Drug dealing jail term is quashed on technicality
Published 25/02/2014 | 05:38
A 12-year jail sentence handed down to a New Ross man who had been convicted for having over €240,000 in drugs has been quashed over a legal technicality after a judge cited a landmark case which took place after the sentence was imposed.
Stephen Kelly of Maidens Lane, New Ross, who denied possessing cannabis resin with a street value of at least €240,000 was found guilty by a jury at Wexford Circuit Criminal Court on October 20, 2009, of drugs possession, having drugs for sale or supply and unlawful possession of a controlled drug in New Ross in November 2005.
His conviction was quashed after the Court of Criminal Appeal heard that the judge who imposed the sentence had not informed the jury members that they had to be satisfied of the defendant's guilt beyond a reasonable doubt. Judge Alice Doyle had instead told the jury they could decide the case on the balance of probabilities and Kelly was found guilty.
The court heard there will be no re-trial as the appeal court was told the drugs involved in the case have been destroyed by gardaí.
During the trial in Wexford, evidence was given by a number of prosecution witnesses of a van coming into a housing estate at the bottom of Irishtown and proceeding to Mons Terrace.

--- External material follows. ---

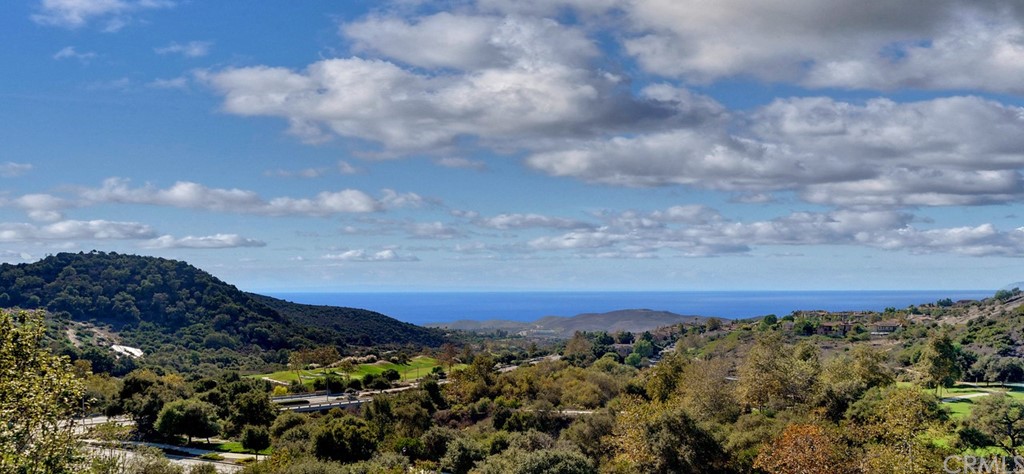 31 Via Soria San Clemente, CA 92673 - Photo 25 of 59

The court heard the van was then directed into the driveway by Kelly, from where parcels of cannabis resin were transferred to another car in a garage.

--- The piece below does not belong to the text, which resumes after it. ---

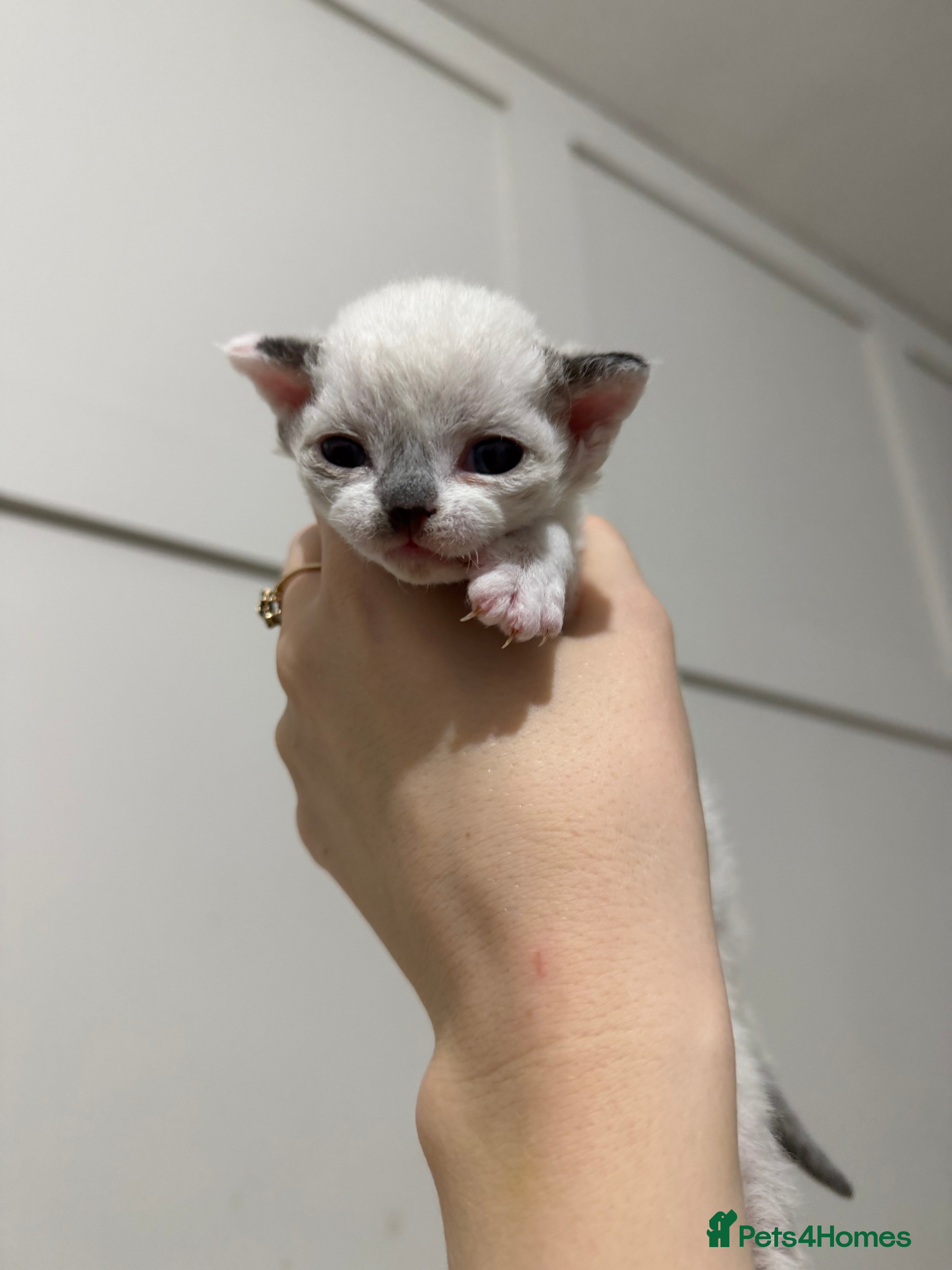 Devon Rex cats TICA Active kittens  - Advert 1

Sentencing Stephen Kelly at Wexford Circuit Criminal Court on January 26, 2010, Judge Doyle had described drugs as the curse of society and said had the large amount of cannabis resin connected with the case would have caused 'further devastation' had it reached the streets.
During his sentencing hearing, Kelly's barrister Liam Stafford said the defendant led a modest lifestyle, his only expense being addiction to heroin.